* Dataset records:
__________
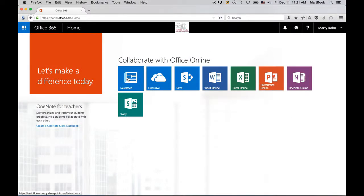And that completes our short overview of how to navigate Office 365. I'm sure you're anxious to get started. So when you're ready, please watch the next video.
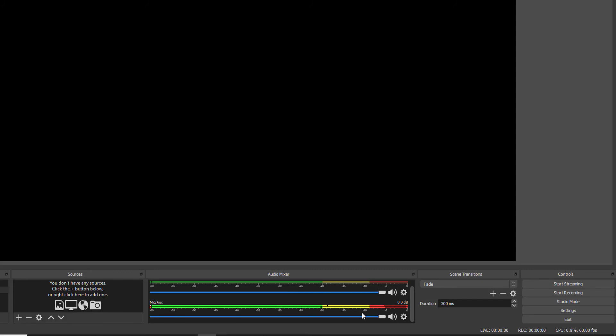For this video that's it, thank you so much for watching. Please try this, connecting your Zoom H4n Pro to your computer or laptop. Comments and feedbacks, thank you, bye.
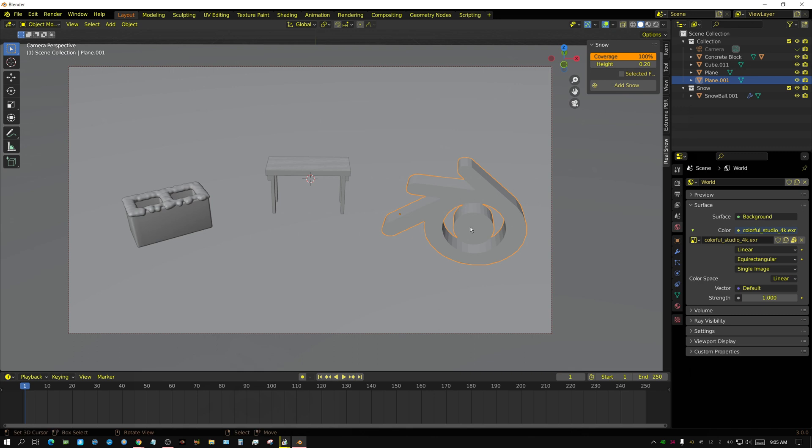Now you can add it to irregular shaped objects like this. I'll make this a little bit thinner, 0.1, and then add snow.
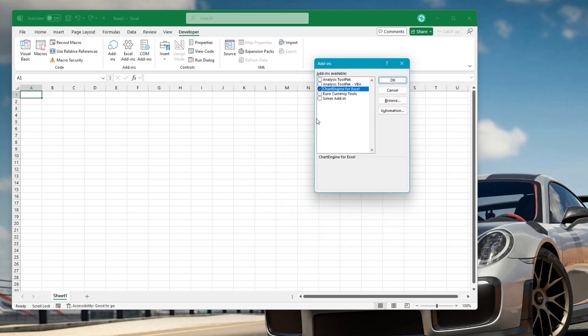From now on, you will see your add-in in the list. Click OK to close the Add-ins window.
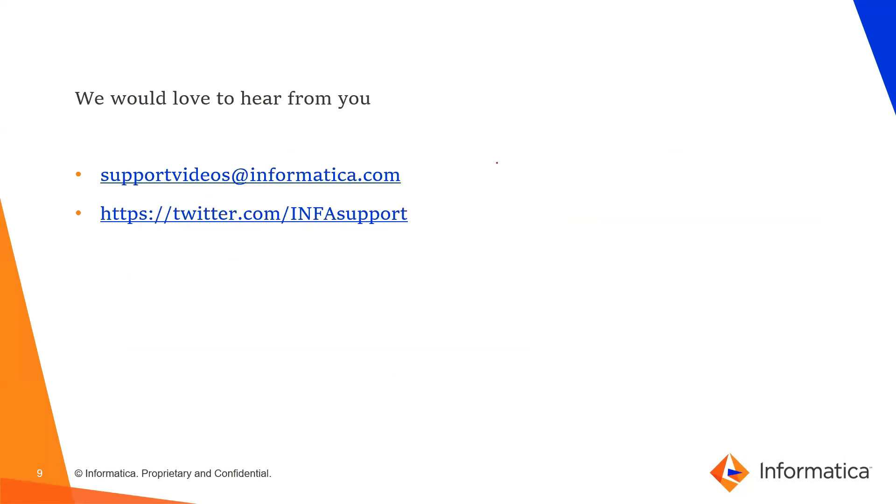We would love to hear from you. You can connect with us on any of the Informatica support channels. Thank you.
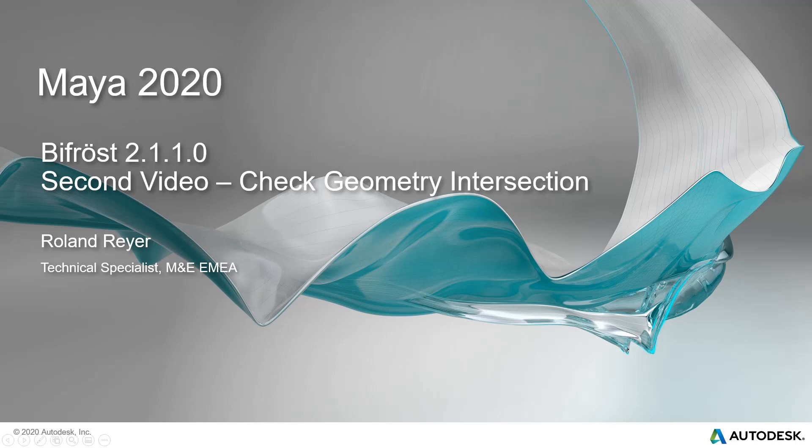Hello, my name is Roland Reier. I'm the Maya guy at Autodesk in Germany. This is the second video introducing Bifrost for Artists. If you haven't seen the first video yet, you might want to do so, especially if you have no experience with visual programming.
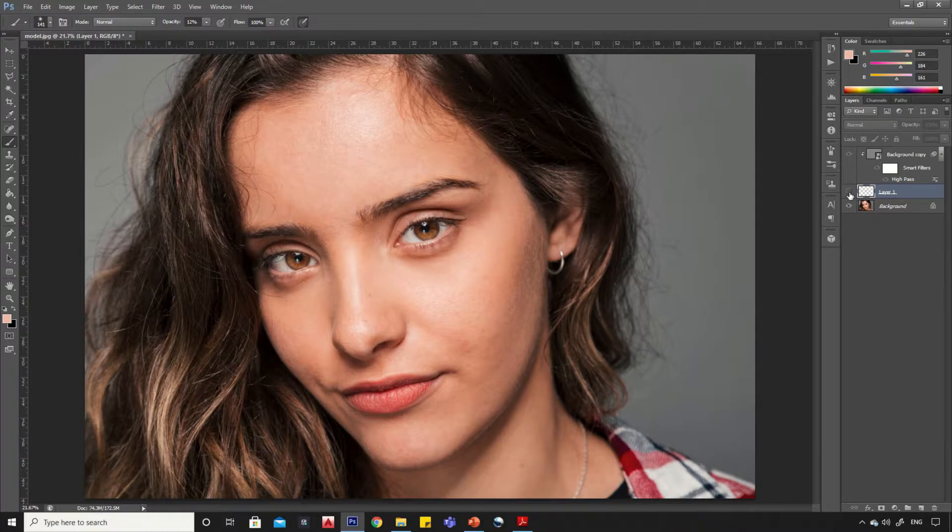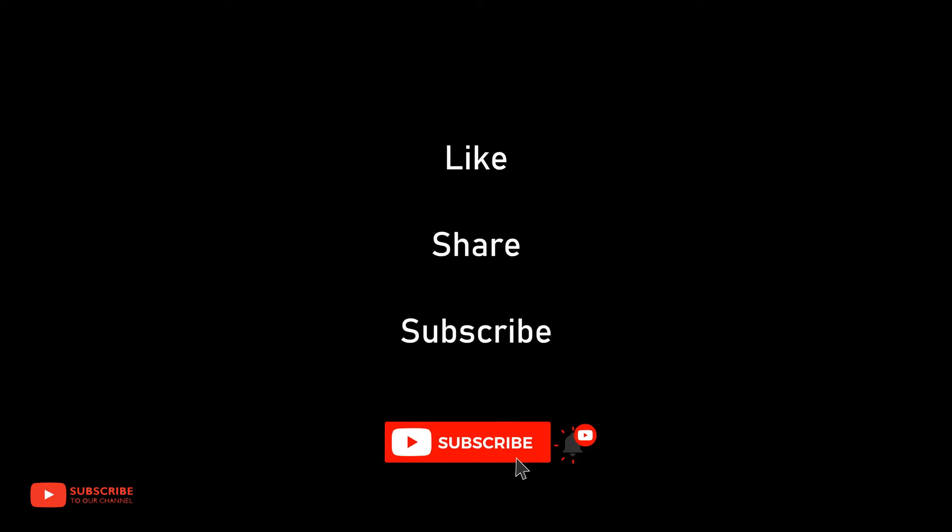See the before and after scene. We are done here, let's have a look at the final output. Thank you for watching, please like, share and subscribe to my channel for more such tutorials.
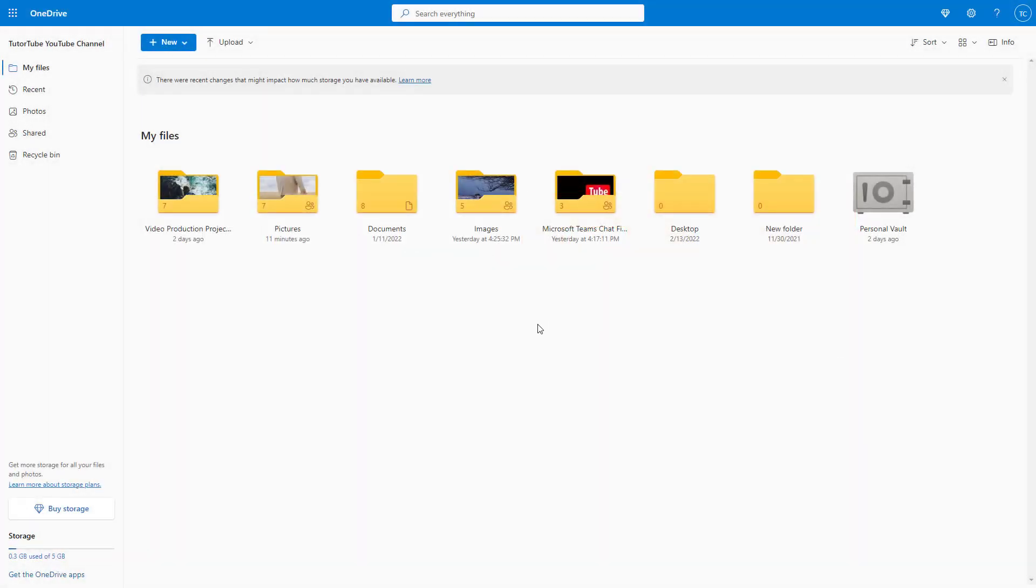Over here, you can see that I have a bunch of folders. Let's say what I want to do is share out this particular folder with only one other user or multiple users as well.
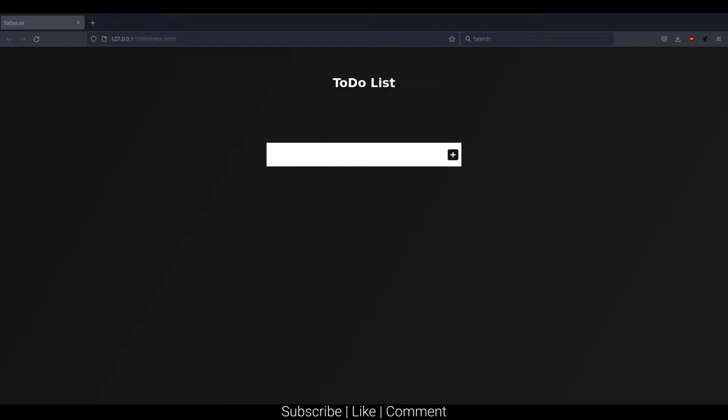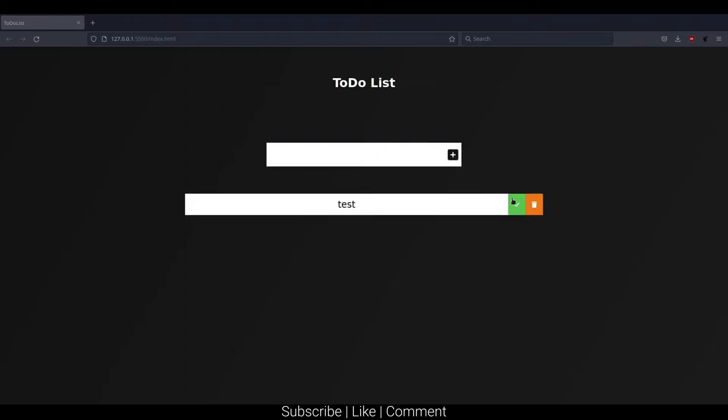This is me following along with DevEd's tutorial on using HTML, CSS, and JavaScript to create a to-do list. Except in this series, we will be using the Godot engine instead along with GDScript.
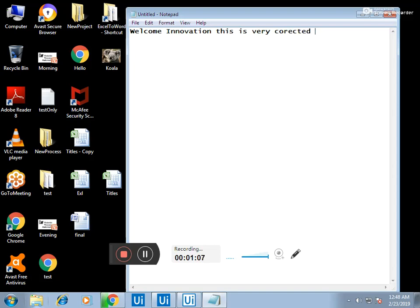If I press control space it automatically corrects, and see, now it's correct.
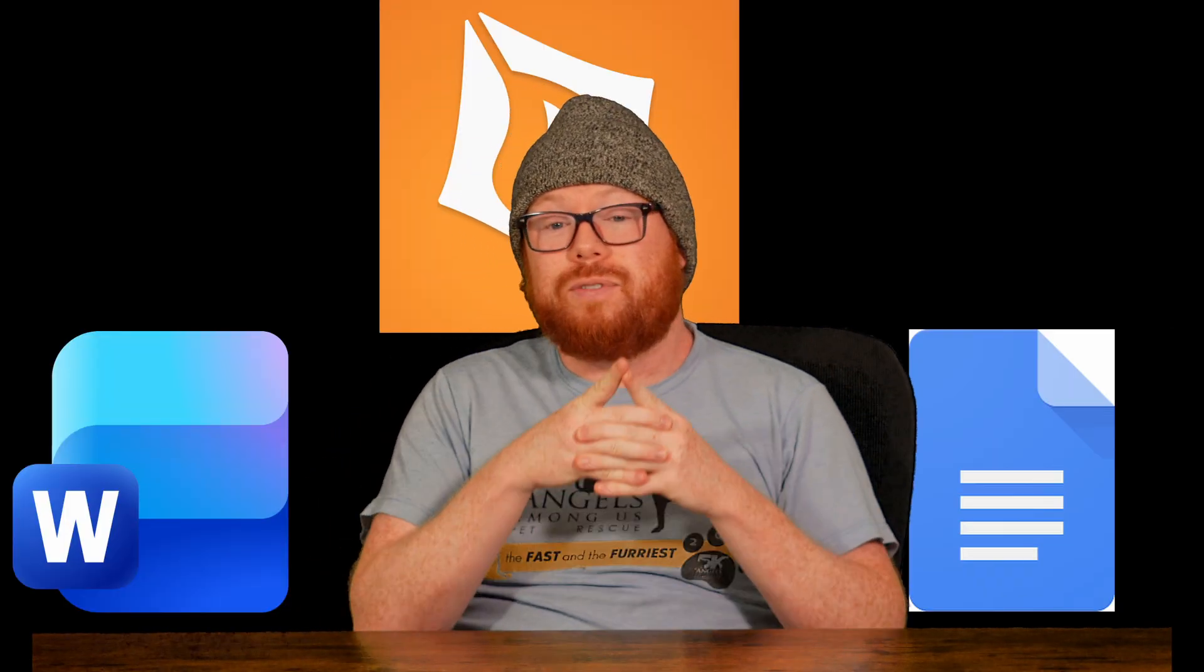I'm on a green screen. Scrivener is the most powerful creative writing tool on the market, more so than Microsoft Word, more so than Campfire, more so than Google Docs. Scrivener is the creative writing king.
__________
* Problem to solve:
Would you set down only the lines above from the line with "Hello, my name" to the line with "Over here, you", both included, exactly as they stand and without the pictures?

* Written answer:
Hello, my name is Roland Reier. I'm the Maya guy at Autodesk in Germany. This is the second video introducing Bifrost for Artists. If you haven't seen the first video yet, you might want to do so, especially if you have no experience with visual programming.
See the before and after scene. We are done here, let's have a look at the final output. Thank you for watching, please like, share and subscribe to my channel for more such tutorials.
Over here, you can see that I have a bunch of folders. Let's say what I want to do is share out this particular folder with only one other user or multiple users as well.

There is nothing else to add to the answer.